Conversely, when a driver overtakes too closely or does something else that’s poorly thought out and dangerous, resist the temptation to swear and flick them a hand signal. It creates confrontation out of what might have been a mistake, and it’s more oil on the fiery tempers of the real idiots. If you want to fight back, don’t raise your fist: buy a helmet camera and take the evidence of bad driving to the police.
Park your bike sensibly
Locking your bike to street furniture is sometimes the only practical option when parking your bike. Highway Code Rule 70 says: “do not leave it where it would cause an obstruction or hazard to other road users” and “secure it well so that it will not fall over and become an obstruction or hazard.” The word MUST is not used, so it’s not law. It’s just common decency. What if the next person to come by can’t pass because they’ve got a pushchair or a wheelchair?
Help fellow cyclists
If you spot a cyclist who is lost or has a mechanical problem that you might be able to fix, stop and help. It’s good manners and good karma.
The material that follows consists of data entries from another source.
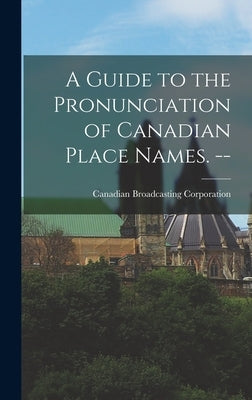 A Guide to the Pronunciation of Canadian Place Names. -- by Canadian Broadcasting Corporation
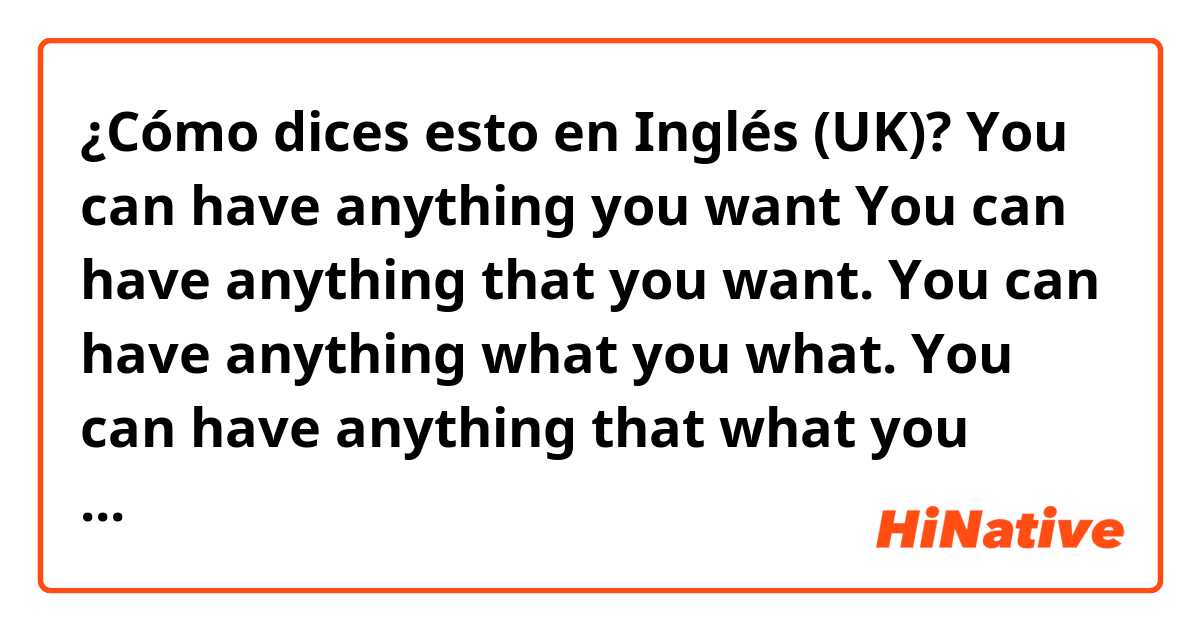 ¿Cómo dices esto en Inglés (UK)? You can have anything you want   You can have anything that you want.  You can have anything what you what.  You can have anything that what you want. which one is correct?Or everyone is correct. and why? please thanks 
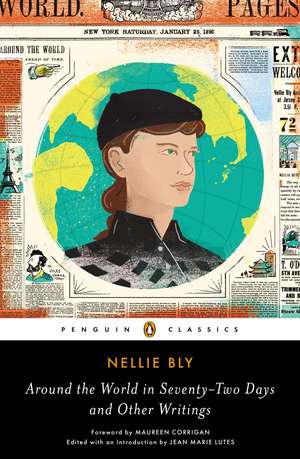 Around the World in Seventy-Two Days: And Other Writings de Nellie Bly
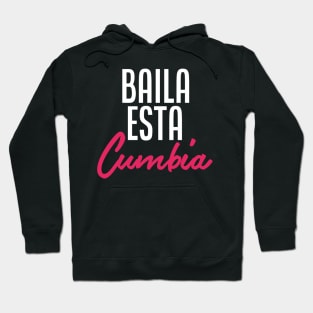 Baila Esta Cumbia Hoodie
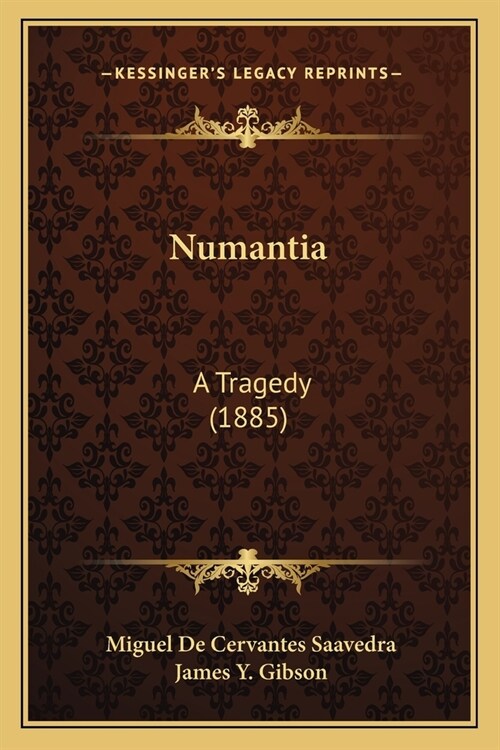 Numantia: A Tragedy (1885) (Paperback)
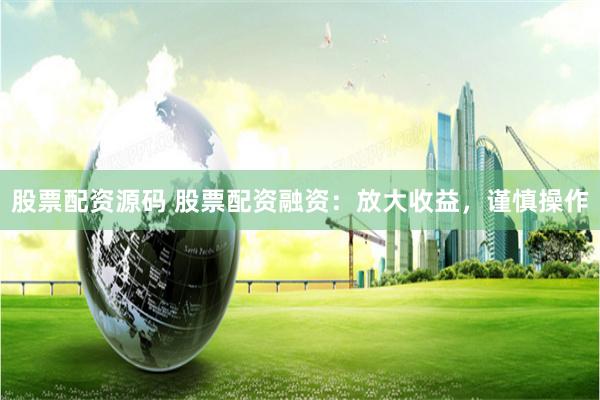 股票配资源码 股票配资融资：放大收益，谨慎操作
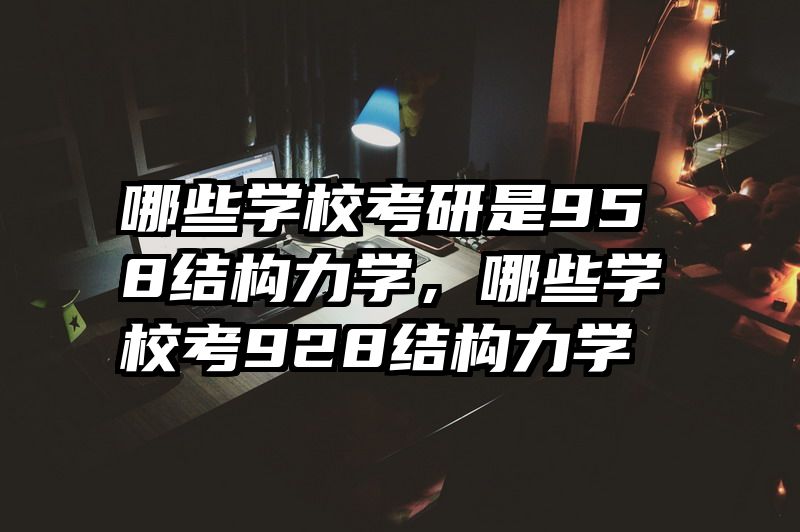 哪些学校考研是958结构力学，哪些学校考928结构力学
Encouraging them to keep cycling is good for you too, because cycling gets safer the more cyclists there are. There’s a safety in numbers effect.
At night, that means using decent lights and reflectors which, as far as possible, comply with Road Vehicles Lighting Regulations. During the day, it’s more a matter of road positioning. Highway Code Rule 72 says cyclists should either ride in the centre or their lane or, on faster and busier roads, at least half a metre away from the kerb. Not half a metre and no further: at least half a metre.
When you cycle further out from the kerb, drivers can’t help but take notice of you. It’s not inconsiderate to take the lane if there’s no room for you to be passed safely, which is why the Highway Code now advises you to do this. It is considerate to relinquish the lane and move closer to the kerb as and when it’s safe for you to do so.